No mês passado, os líderes chineses emitiram um
memorando pedindo às autoridades que reduzam os banquetes fartos, instruindo
aos cafés dirigidos pelo governo que reduzam as porções e pedindo às empresas
da catering e restaurantes que facilitem para que os clientes peçam menos,
noticiou o agência de notícias oficial “Xinhua”. O governo também está
preparando uma nova lei para desperdício de alimentos, informou a agência.
A fome matou dezenas de milhões de pessoas na
China nos anos 60, mas Pan Wenjing, uma integrante do escritório em Pequim do
Greenpeace, disse que grande parte do país é jovem demais para lembrar daqueles
tempos. “A geração mais jovem realmente não sabe o que é fome”, ela disse.
Pan disse que os líderes chineses perceberam que
a redução do desperdício é crucial para a capacidade do país de alimentar a si
mesmo, uma tarefa que deverá se tornar mais difícil se a mudança climática
reduzir a produção agrícola, como esperam os especialistas.

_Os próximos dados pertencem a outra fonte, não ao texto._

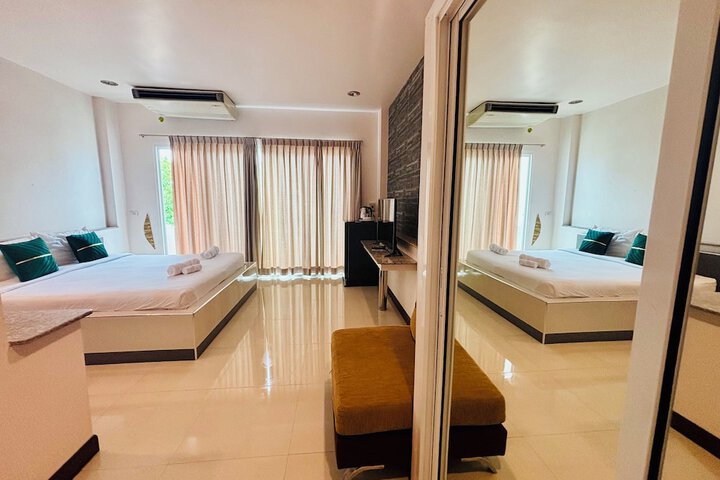 Room 5 of 68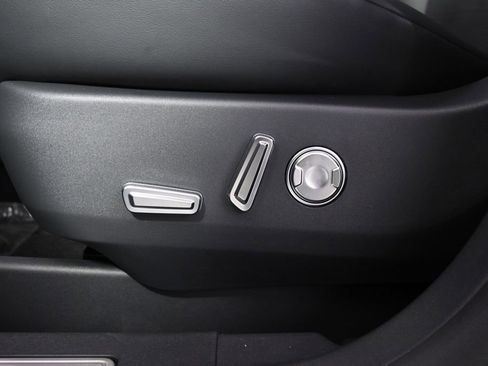 New 2026 Lincoln Nautilus Reserve w/ Jet Appearance Package AWD/4WD image 12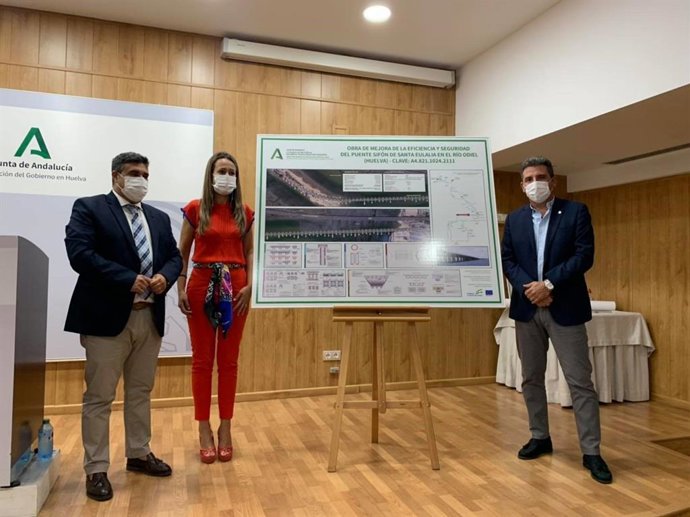 Archivo - Imagen de archivo de la presentación de la reforma del Puente Sifón de Huelva.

Doug Rauch, o ex-presidente da rede americana de
mercados Trader Joe’s, está estudando pesquisas que mostram que alimentos além
de seu prazo de validade frequentemente ainda são seguros para consumo. Rauch
planeja abrir o Daily Table em Boston, no mês que vem, uma organização sem fins
lucrativos que estocará alimentos além do prazo de validade ou com embalagens
danificadas para venda para pessoas carentes.

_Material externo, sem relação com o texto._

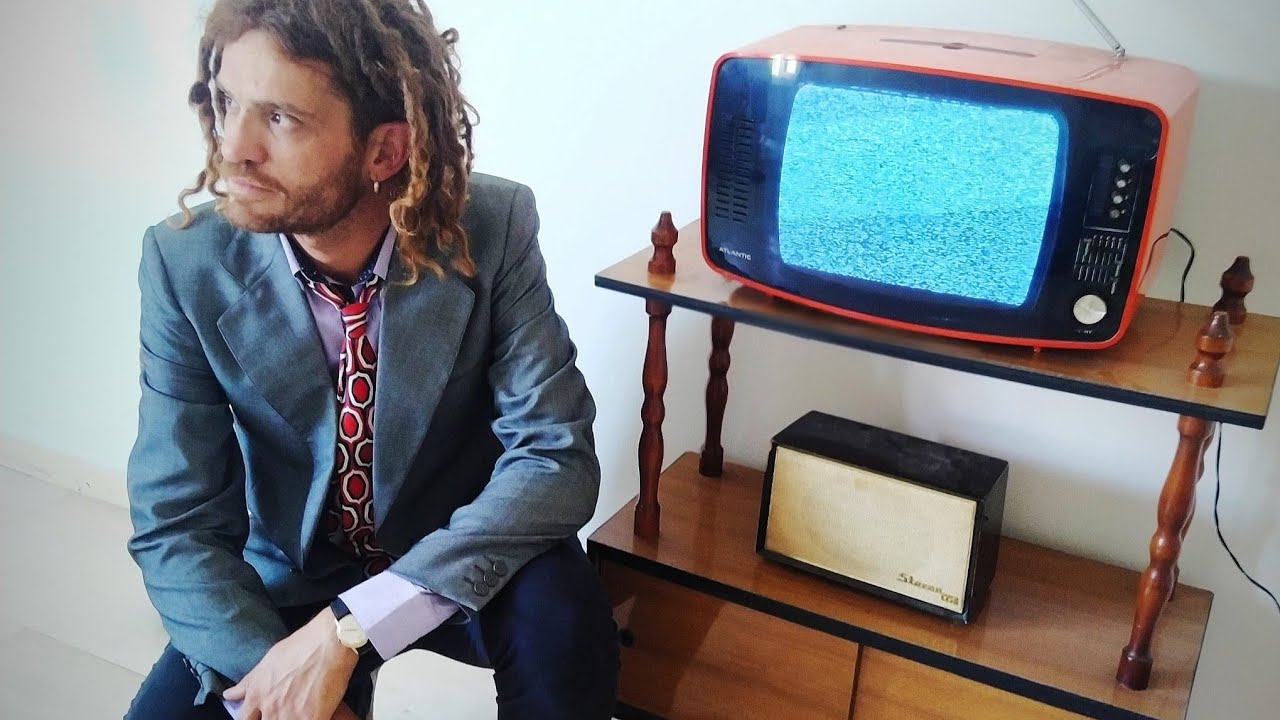 Esma: “Zanzare” è il nuovo video #trakoftheday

O Estado de Massachusetts está exigindo que
qualquer instituição que jogue fora mais de uma tonelada de alimentos por
semana o use para compostagem. Uma regra semelhante entrará em vigor no ano que
vem em Nova York. Diferente dos aterros sanitários, o alimento que se decompõe
na compostagem não produz metano, porque o oxigênio está presente.

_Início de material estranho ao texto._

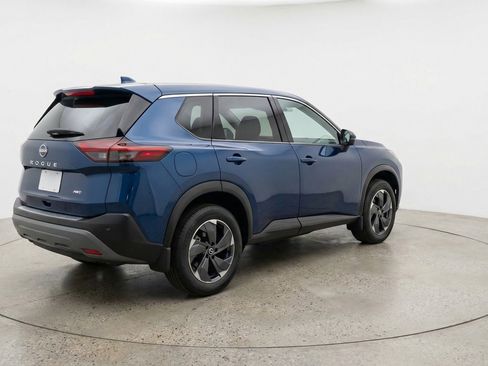 Used 2025 Nissan Rogue SV AWD/4WD image 9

Na Grécia, a crise econômica também promoveu um
novo foco no lixo. Um grupo no país deu início a um centro online, para ajudar
pequenas lojas com excesso de alimentos a contatarem pessoas carentes nas
proximidades, disse O’Connor, da Bio Intelligence, que está trabalhando no
Fusions, um esforço para redução do desperdício de alimentos financiado pela
União Europeia. A união deseja reduzir pela metade o desperdício de alimentos
até 2020.
No Reino Unido, onde mais da metade das
autoridades locais coleta lixo alimentar para compostagem, também está
investindo em biodigestores, que usam lixo orgânico para gerar energia.
Um dos maiores desafios atuais é o alimento estar
ligado de modo inseparável à cultura, consequentemente tocando em questões
emocionais difíceis de mudar. “Trabalhar na questão do desperdício de alimentos
é muito delicado”, disse Fanny Demassieux, chefe da unidade responsável pelo
consumo do PNUMA.
“A ideia é não ser invasivo e dizer às pessoas o
que fazer”, ela disse. “É apenas explicar para elas que, provavelmente, elas
estão desperdiçando mais alimentos do que imaginam.”